Vielleicht sollten wir uns diesbezüglich besser den Tieren zuwenden, die in einer engeren Beziehung zu den Menschen stehen und in früheren Kulturen, wie z.B. in Ägypten als Götter verehrt wurden. Ich kann da so ein Orakel präsentieren: Meine Katze Molly. Beim ersten gewonnenen WM-Spiel der Holländer, hatte sie ihr Ohr aufgekratzt. Auf unserer Terrasse war soviel Blut, dass ich an ein tierisches Massaker glaubte, aber Ursache war wirklich nur die Wunde an Mollys Ohrspitze.
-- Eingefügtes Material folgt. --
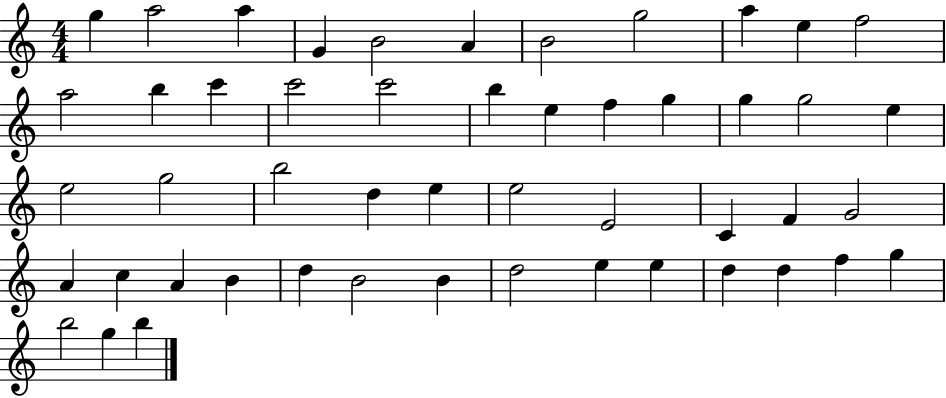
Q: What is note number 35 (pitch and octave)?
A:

Einige Tage später, die Tischdecke war gewaschen, Stühle und Steine geschrubbt, fand das 2. Hollandspiel statt, meine arme Molly kratzte erneut ihr Ohr auf, und wiederum musste ich zu Schlauch und Bürste greifen, um das rote Chaos zu beseitigen, während im TV die holländischen Fans vor Freude verrückt spielten. Beim 3. Spiel reagierte ich klüger und nahm das Tischkleid ab. Gut so, denn das Blut spritzte wieder in die Runde, wenn auch etwas schwächer als zuvor. Tja, und so ging es dann weiter: Ein jedes Mal wenn die Niederländer auf dem südafrikanischen Rasen aufliefen, brachte meine Katze ein Blutopfer dar. Und dann war der Tag des Finales da: Wiederum kratzte Molly sich nachdenklich am Ohr, aber dieses Mal floss kein Tropfen Blut, und wie wir alle wissen, verlor Holland gegen Spanien! Erst viel später wurde mir bewusst, dass das blutende Ohr den Sieg der niederländischen Mannschaft ankündigte, und somit erklärte ich sie dann zu meiner persönliche Orakelkatze.

 

Molly hat es trotz ihrer Fähigkeit nicht zu Weltruhm gebracht, und ihr Leben läuft inzwischen ganz normal weiter. Ich frage mich jedoch, was aus Krakenpaule geworden ist. Im Internet habe ich erfahren, dass spanische Geschäftsleute ihn kaufen wollten, um ihn zum Maskottchen eines Gastronomiefestes zu machen, bei dem Spezialitäten aus Tintenfisch im Mittelpunkt stehen. Aber für das „Seaworld“ in Oberhausen steht ein Verkauf nicht zur Debatte, und das ist gut so. Stellen Sie sich nur mal vor, es kommt zu einer Verwechslung mit einem spanischen Oktopus und er landet versehentlich in einer Pfanne voll köstlicher Paella... Na, ich bin sicher, Apollon wäre schockiert.